## What to work on
Your response to the data below should hold nothing except the lines from the one containing "Close-Up of Shiny" down to the one containing "Tactical Boots GREEN", reproduced exactly and without pictures.

## Data shown

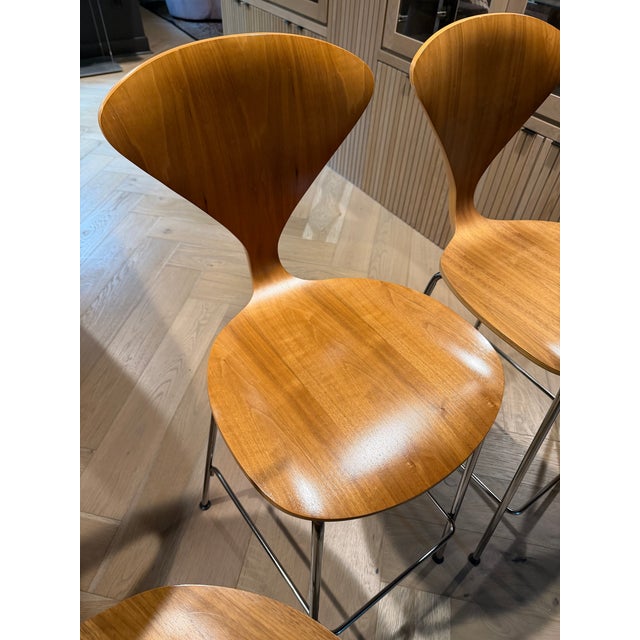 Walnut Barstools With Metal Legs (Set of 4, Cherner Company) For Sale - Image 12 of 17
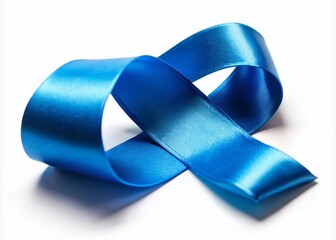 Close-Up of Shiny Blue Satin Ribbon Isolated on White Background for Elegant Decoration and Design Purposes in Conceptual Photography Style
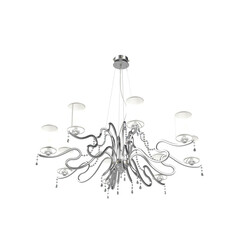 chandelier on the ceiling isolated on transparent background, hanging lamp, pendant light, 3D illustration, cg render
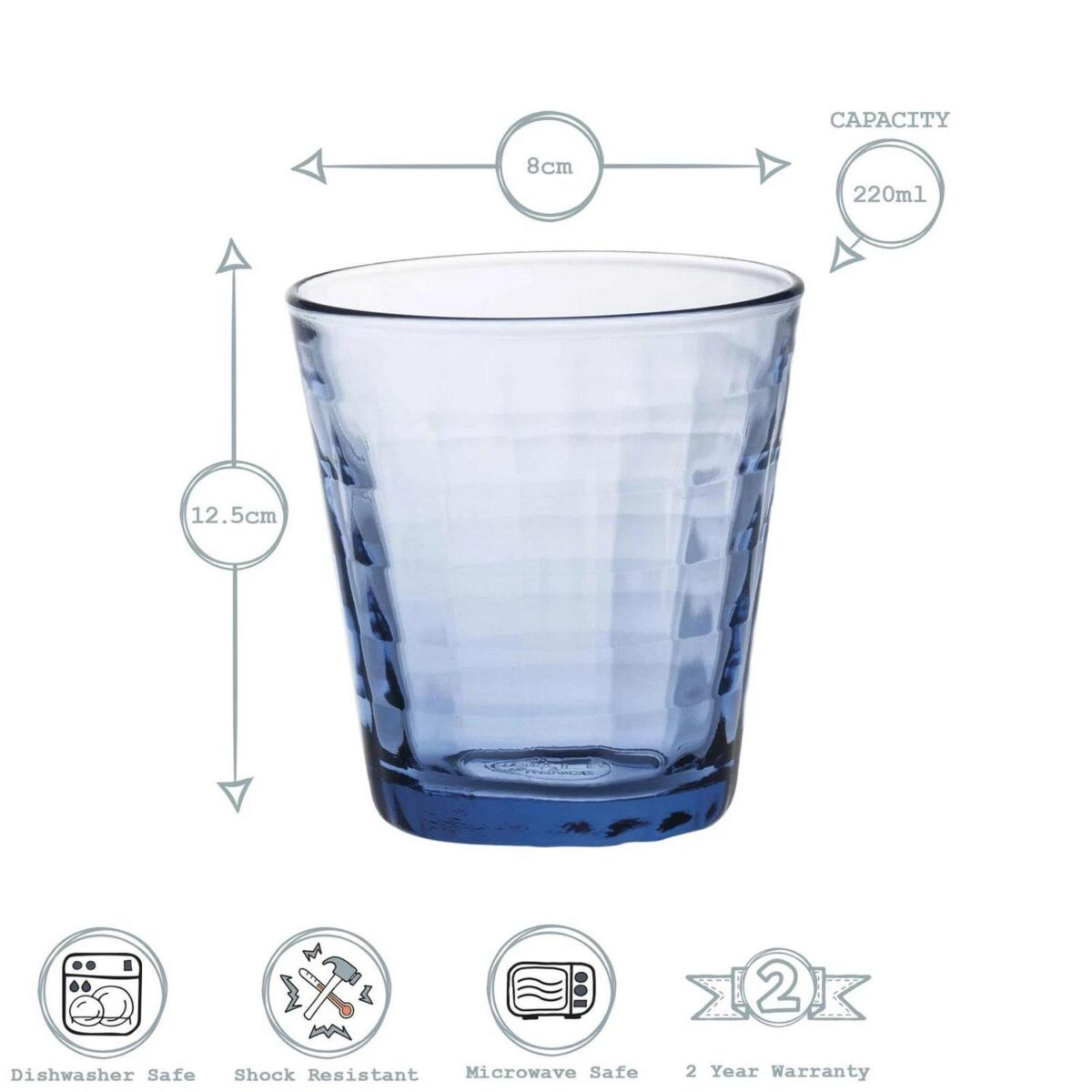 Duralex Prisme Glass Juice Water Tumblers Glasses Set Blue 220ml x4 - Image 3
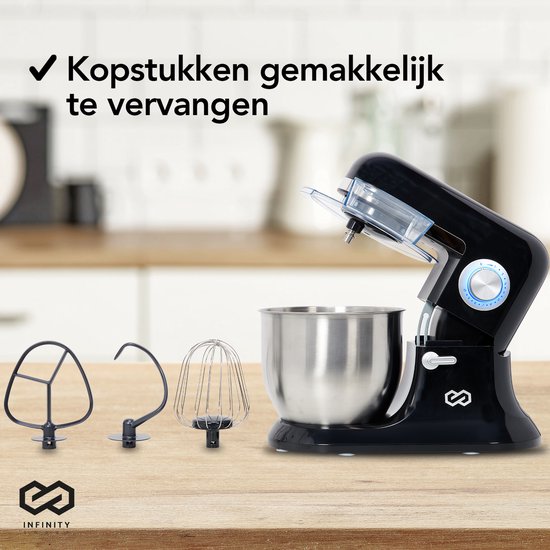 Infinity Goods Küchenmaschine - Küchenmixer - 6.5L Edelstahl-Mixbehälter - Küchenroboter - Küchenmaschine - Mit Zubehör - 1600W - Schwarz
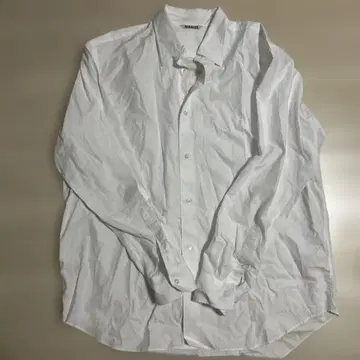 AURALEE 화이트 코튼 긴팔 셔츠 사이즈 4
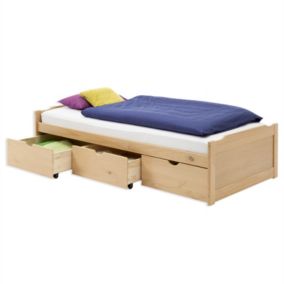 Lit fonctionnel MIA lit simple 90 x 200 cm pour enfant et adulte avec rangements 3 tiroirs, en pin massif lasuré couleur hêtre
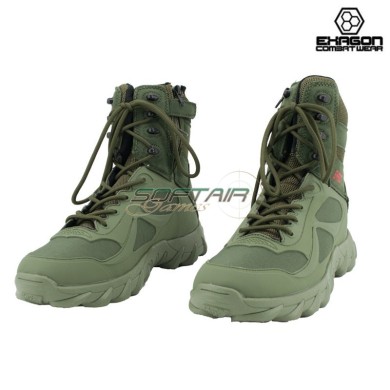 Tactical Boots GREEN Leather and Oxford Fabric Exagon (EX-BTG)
--
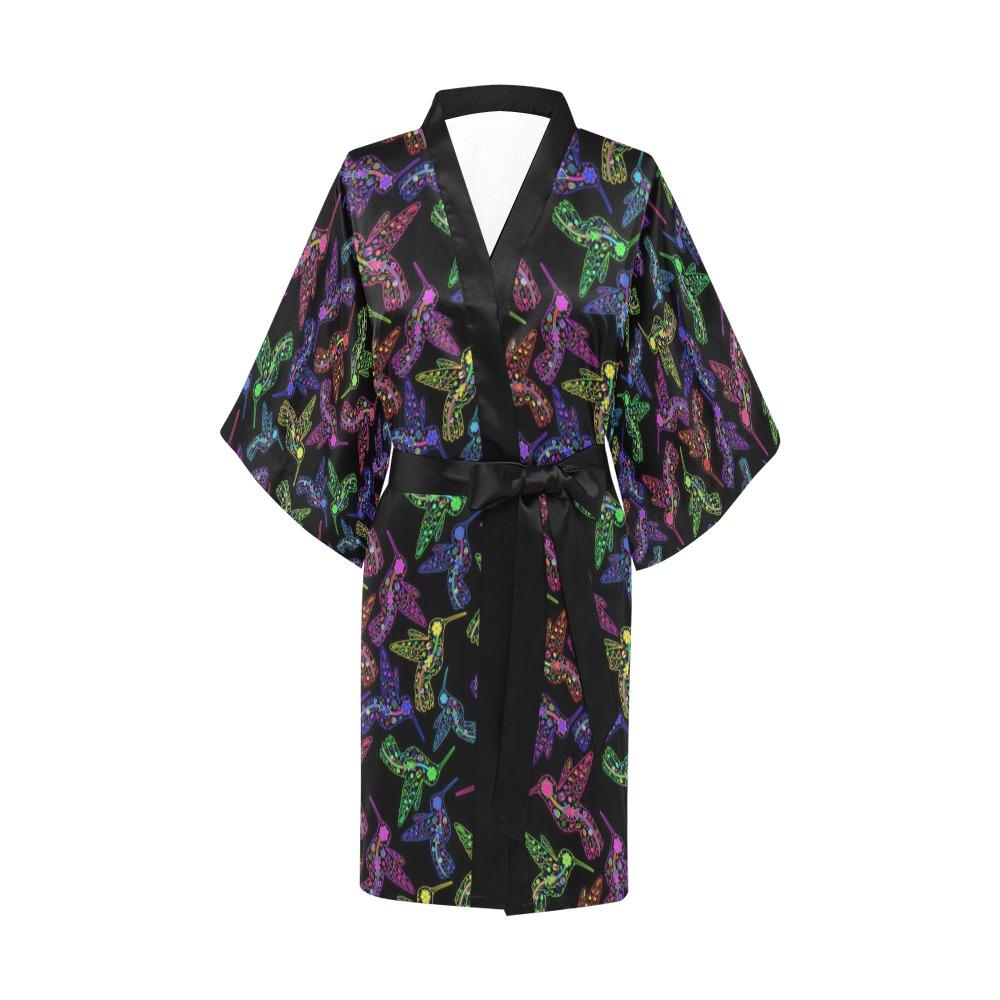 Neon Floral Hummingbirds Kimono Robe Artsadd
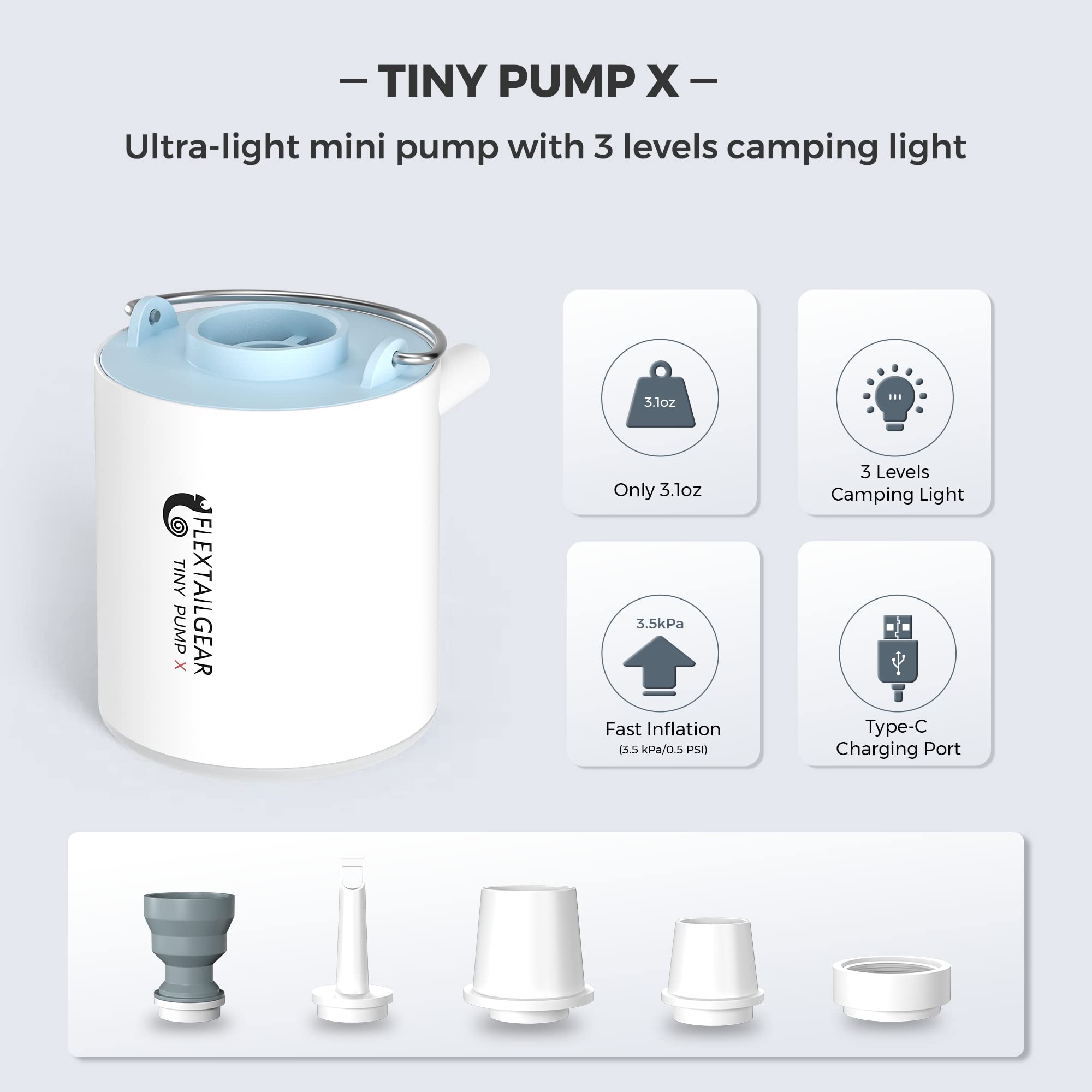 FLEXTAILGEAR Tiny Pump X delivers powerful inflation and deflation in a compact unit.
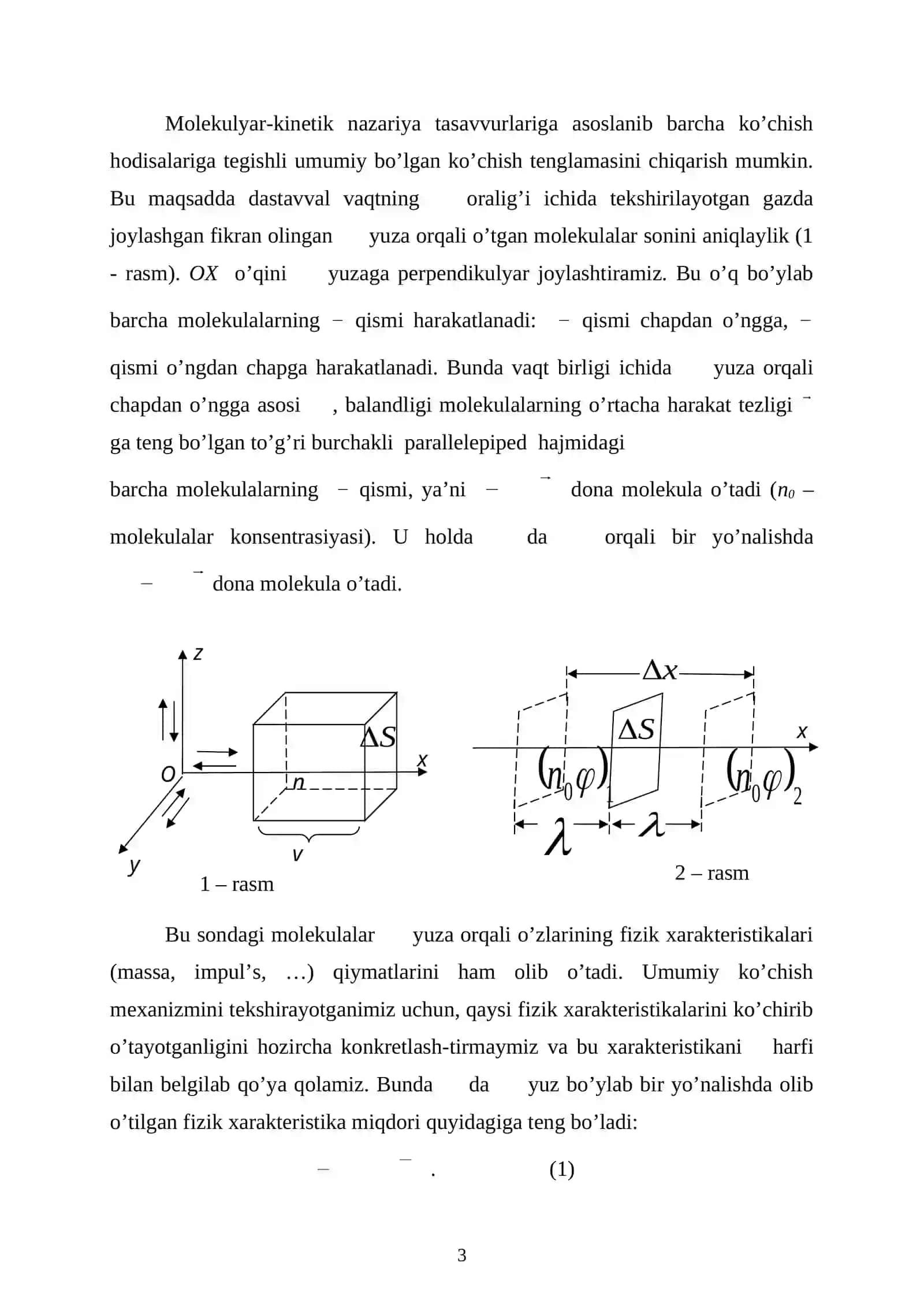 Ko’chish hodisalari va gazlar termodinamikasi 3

## Answer for this exercise
 Close-Up of Shiny Blue Satin Ribbon Isolated on White Background for Elegant Decoration and Design Purposes in Conceptual Photography Style
 chandelier on the ceiling isolated on transparent background, hanging lamp, pendant light, 3D illustration, cg render
 Duralex Prisme Glass Juice Water Tumblers Glasses Set Blue 220ml x4 - Image 3
 Infinity Goods Küchenmaschine - Küchenmixer - 6.5L Edelstahl-Mixbehälter - Küchenroboter - Küchenmaschine - Mit Zubehör - 1600W - Schwarz
 AURALEE 화이트 코튼 긴팔 셔츠 사이즈 4
 Lit fonctionnel MIA lit simple 90 x 200 cm pour enfant et adulte avec rangements 3 tiroirs, en pin massif lasuré couleur hêtre
 Tactical Boots GREEN Leather and Oxford Fabric Exagon (EX-BTG)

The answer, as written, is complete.